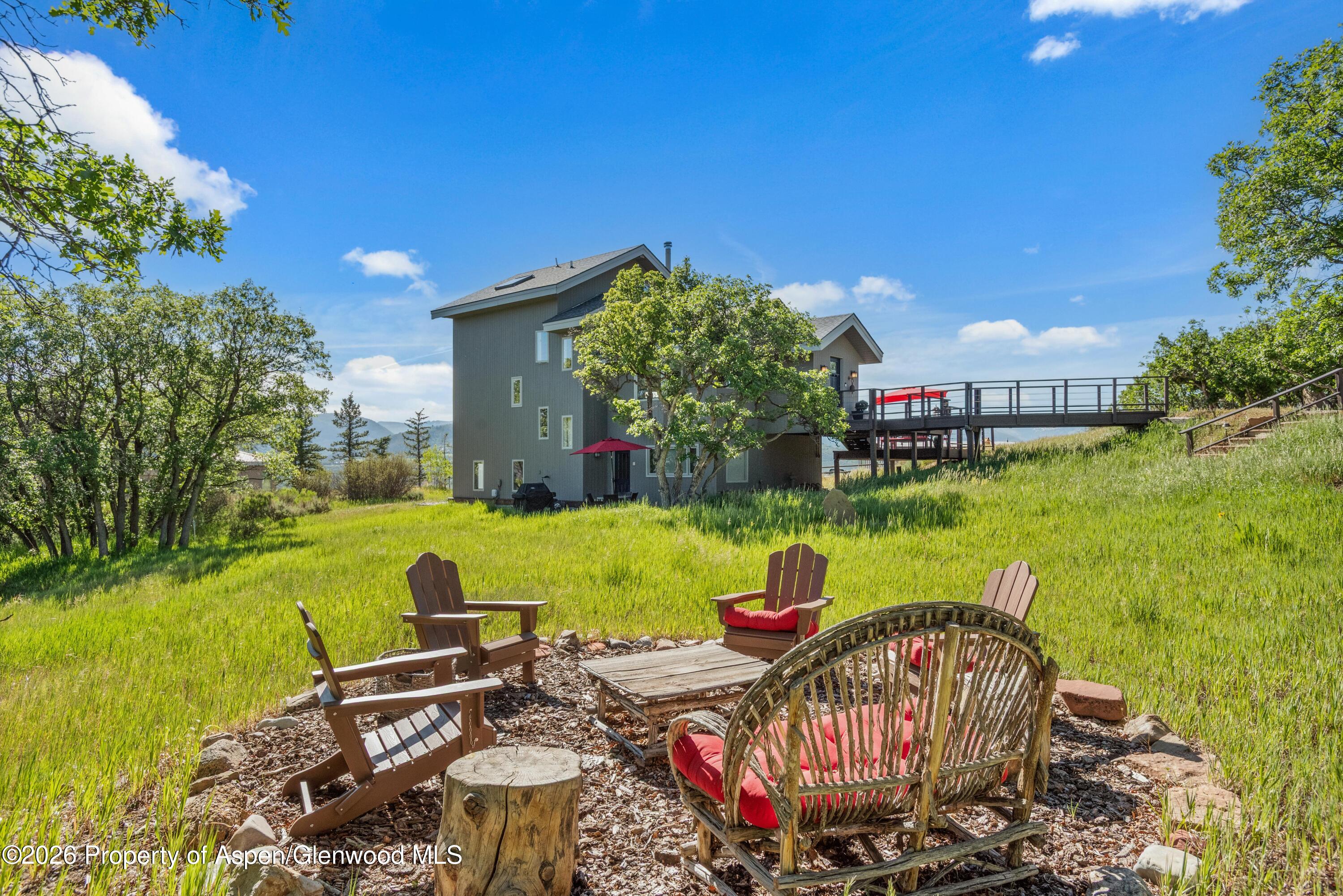 1560 Medicine Bow Road Property Photo 43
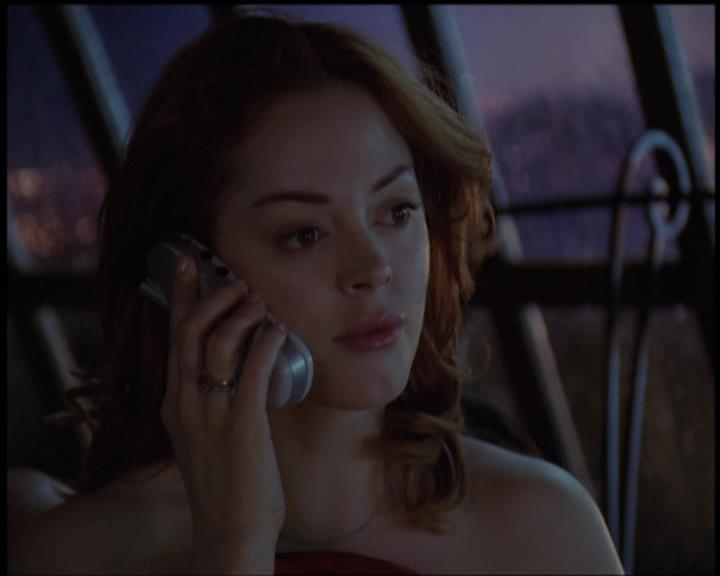 Charmed-Online-dot-net_5x21NecromancingTheStone0088.jpg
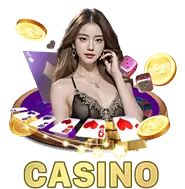 Đa dạng game slot jackpot tại mm99 Win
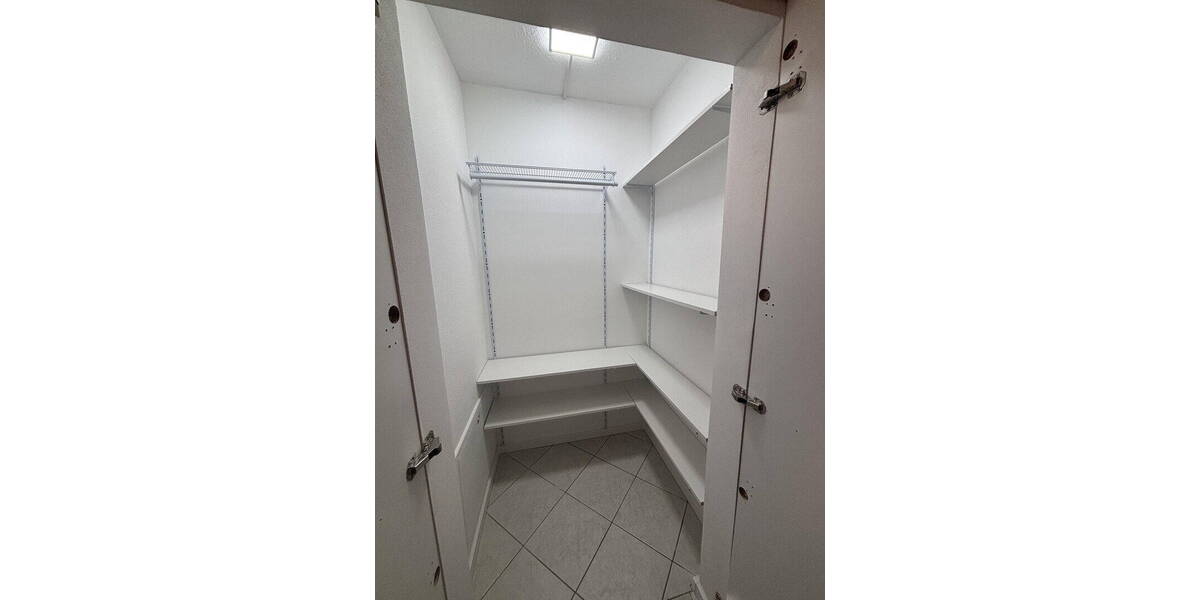 Etagenwohnung Landsberg am Lech Landsberg - 3 Zimmer, 58 m&sup2;, 280.000&euro; | Angebot:26712878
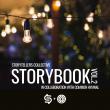 Christians for Social Action and Common Hymnal Release Storybook, Vol. 2, an Album Exploring Justice and Belonging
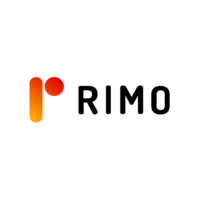 About Rimo合同会社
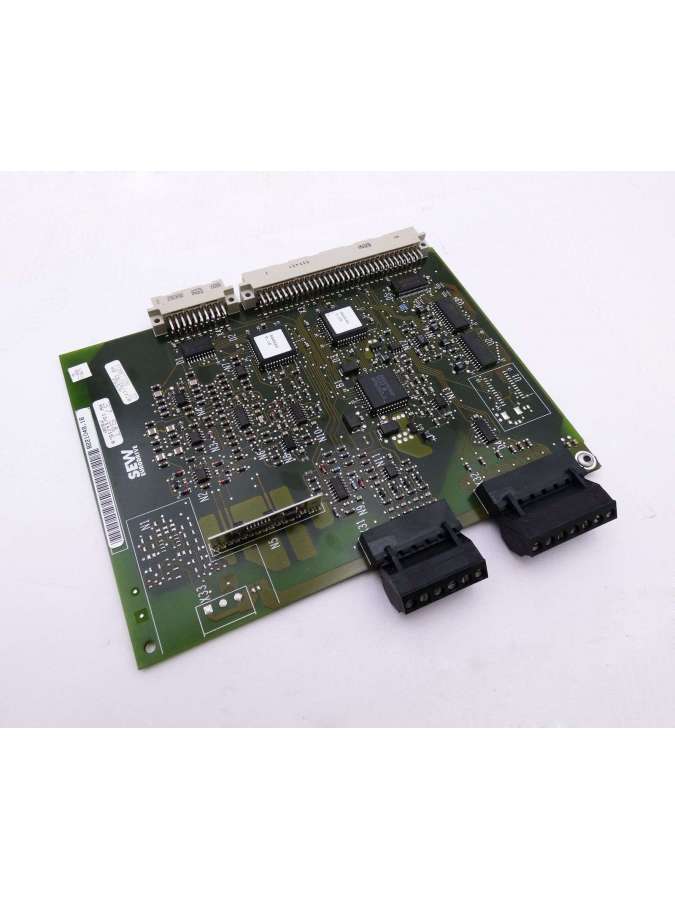 8221049.16-usd-sew
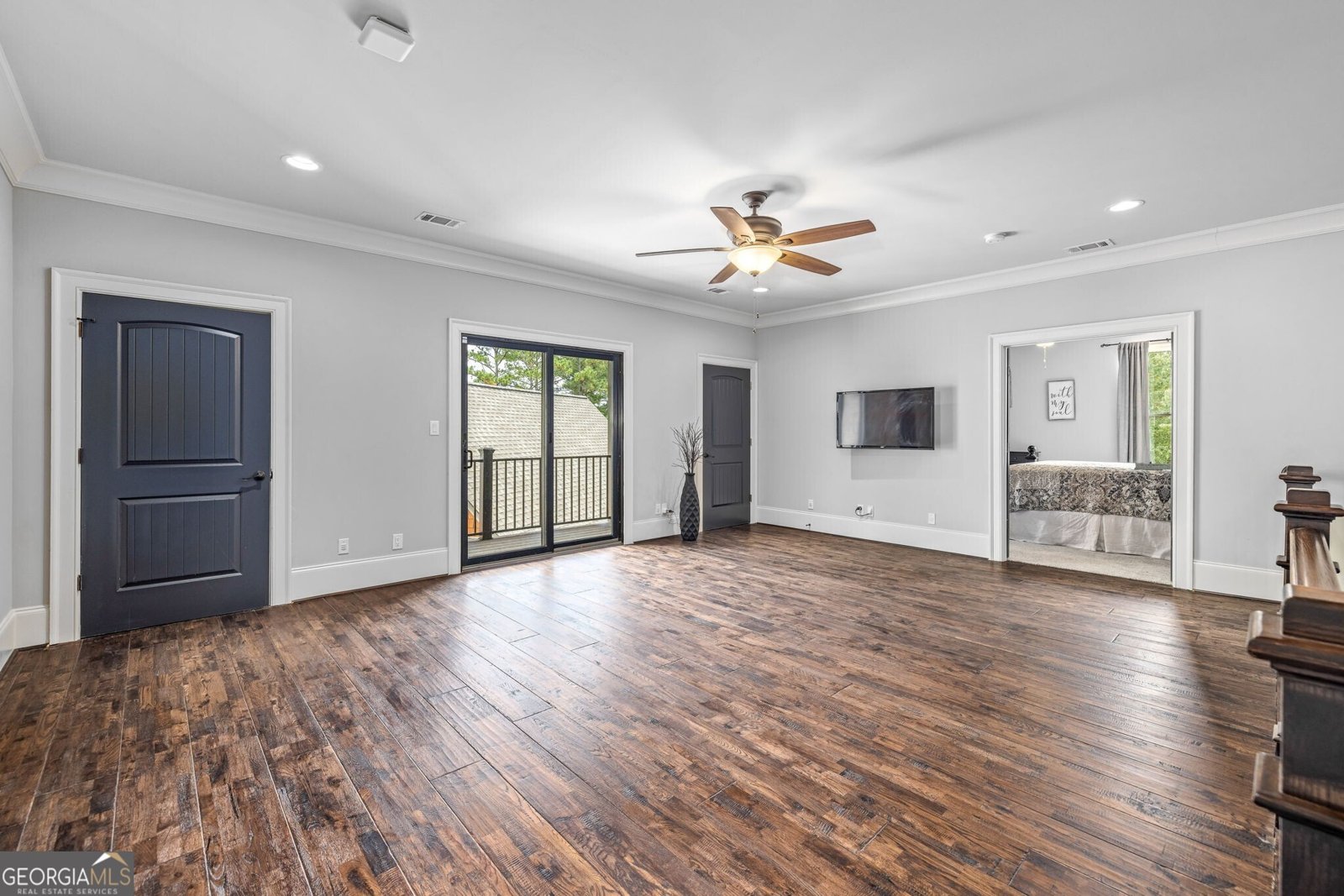 400 Harmony Road Eatonton - 44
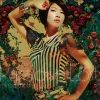 Paradise Lost | TV Anime Ga-Rei: Zero Opening Theme Song CD (First Limited Edition / LP-size Jacket Ver.)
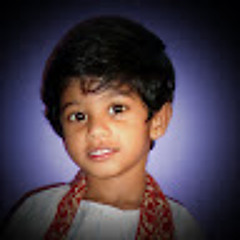 Surya Raghav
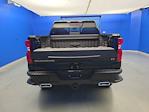 2025 Chevrolet Silverado 1500 Crew Cab 4WD Pickup for sale #25-6460 - photo 27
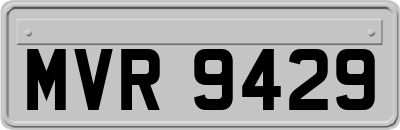 MVR9429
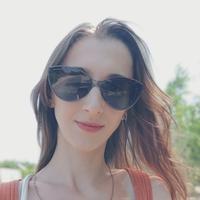 Отзыв от Елизавета - Visa DTV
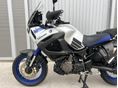 YAMAHA XT 1200 Z 2017/3 - 20
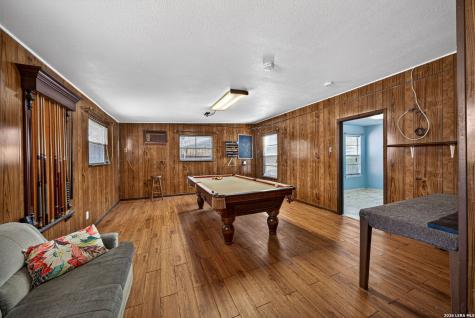 155 Seacomber Place San Antonio TX 78242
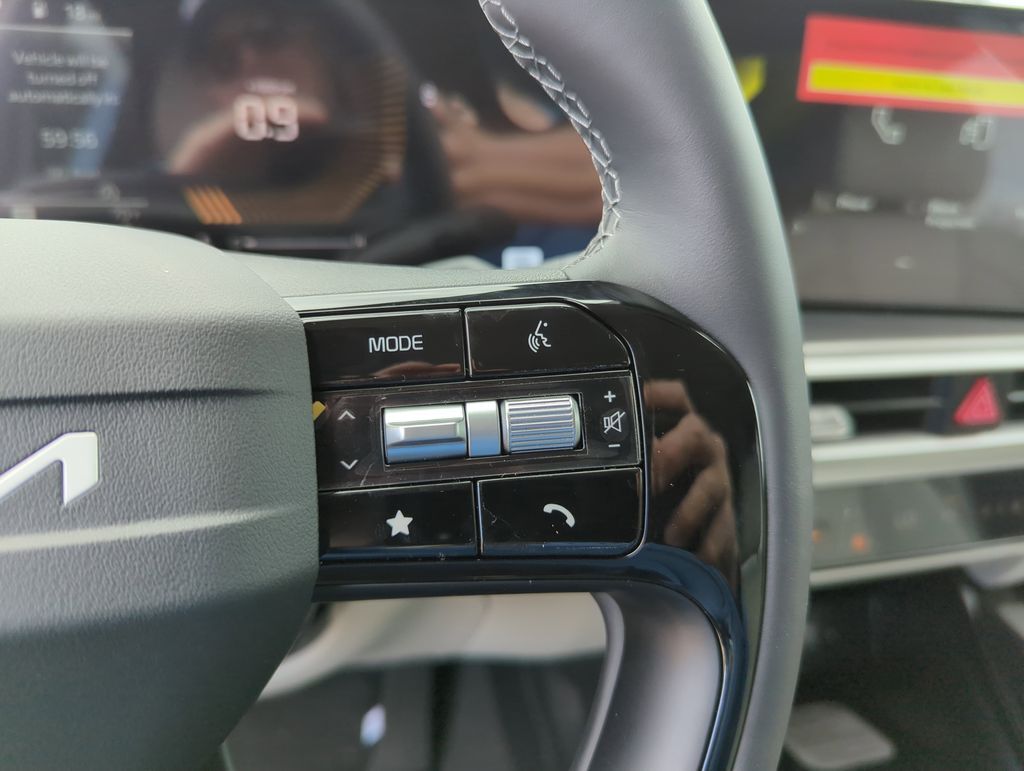 2026 Kia Sorento S San Clemente CA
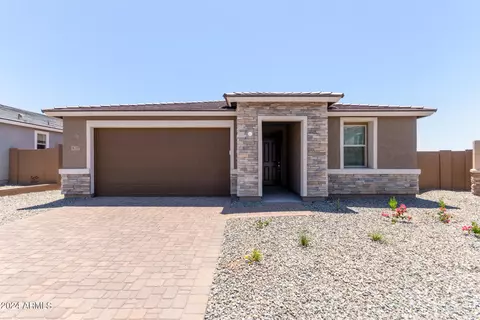 18707 E Richo Dr, Gold Canyon, AZ 85118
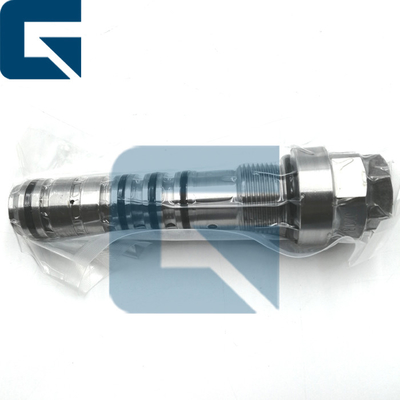 708-2G-03710 7082G03710 Excavator PC300-7 Main Pump LS Valve
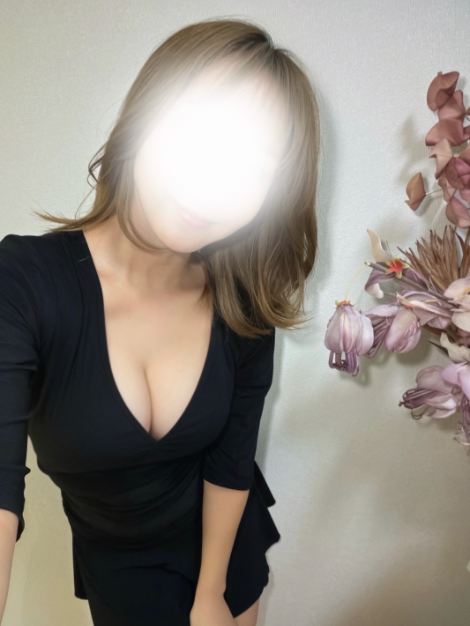 みおん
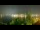 Webcam in Vira, 4.5 km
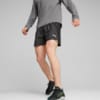 Imagen PUMA Shorts de running RUN PUMA 5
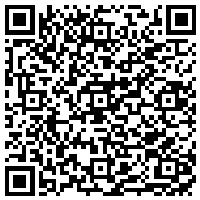 QR Code for bitcoin:bitcoin:bitcoin:bitcoin:bitcoin:bitcoin:bitcoin:bitcoin:bitcoin:bitcoin:dash:XwARMxxakNfM5vekcXBYP7zF82PDiMFtaL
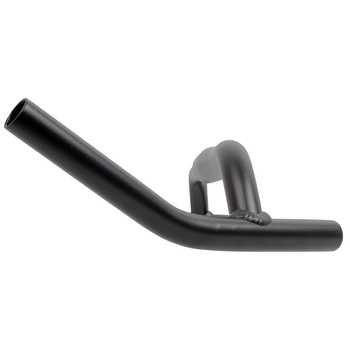 m-wave krmilo moltipostion alu 318mm 540mm drop 975m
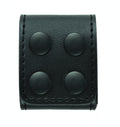 Hero's Pride AirTek Extra Wide Belt Keepers 2'' - Fits 2.25'' Belt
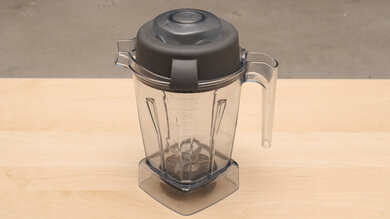 Vitamix Explorian E310-5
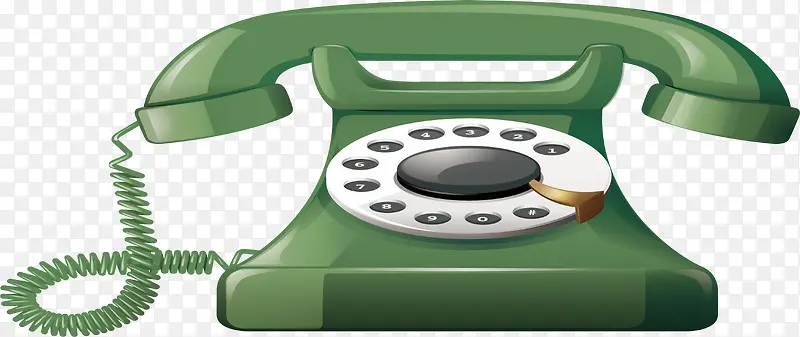 ʸ��ʱ�����ڵ绰����-������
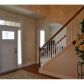 131 Patrick Way, Marietta, GA 30064 ID:6278517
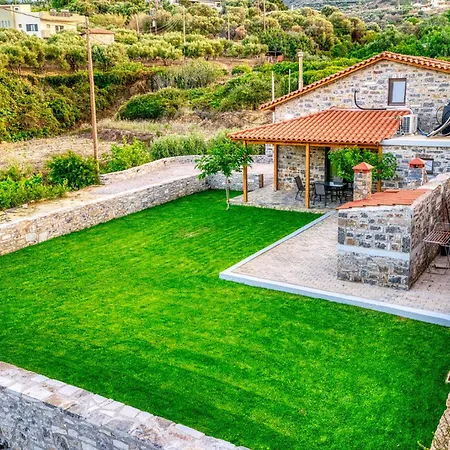 Holiday home Cloud 9 With Garden Near The Sea *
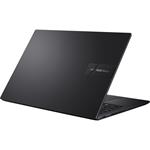 ASUS Vivobook 16 M1605YA-MB080W Indie Black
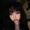 Photo of Lilianna V.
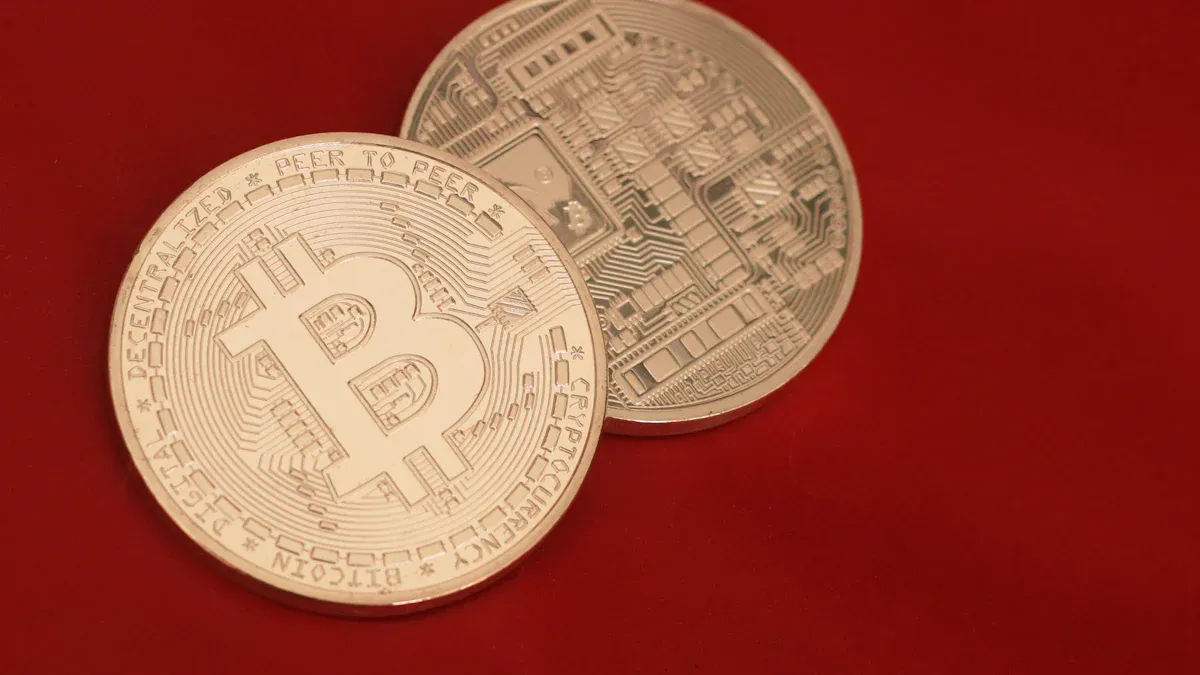 The ROI of Titanium 3D Printing: Why the Investment Can Pay Off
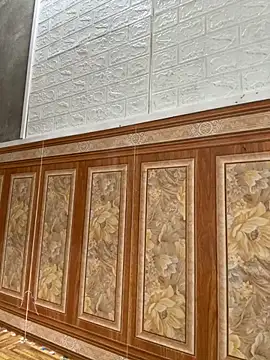 Snapshot of Anges893 chatting on November 10, 2025, 2:43 am Anges893 online show from November 10, 2025, 2:43 am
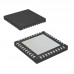 Controller IC Chip -  SN75DP139 SN75DP139RSBR DP139 QFN-40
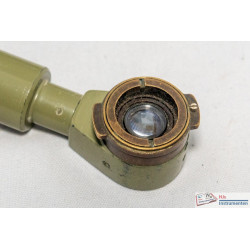 Wild Heerbrugg diagonal eyepiece GFZ1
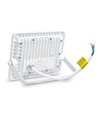 Flood Luca spotlight 30W - neutralvit, 230V, 2700lm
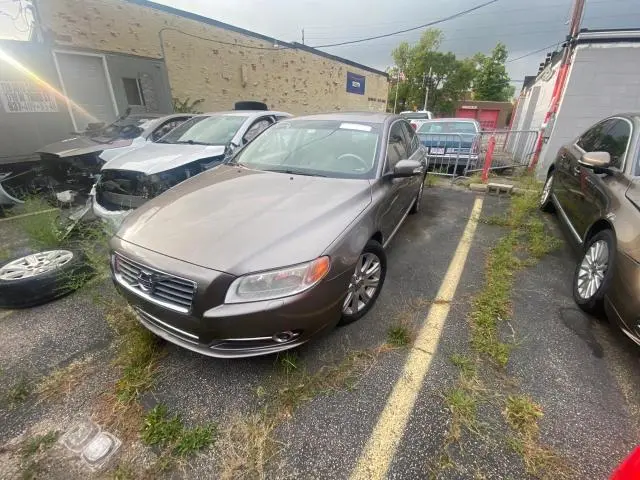 YV1982AS0A1123251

### [Goal of the exercise]
For this answer, return word for word the lines from the first line of the records through the line containing "Etagenwohnung Landsberg am". Omit the pictures.

### [Output for this exercise]
 1560 Medicine Bow Road Property Photo 43
 Charmed-Online-dot-net_5x21NecromancingTheStone0088.jpg
 Đa dạng game slot jackpot tại mm99 Win
 Etagenwohnung Landsberg am Lech Landsberg - 3 Zimmer, 58 m&sup2;, 280.000&euro; | Angebot:26712878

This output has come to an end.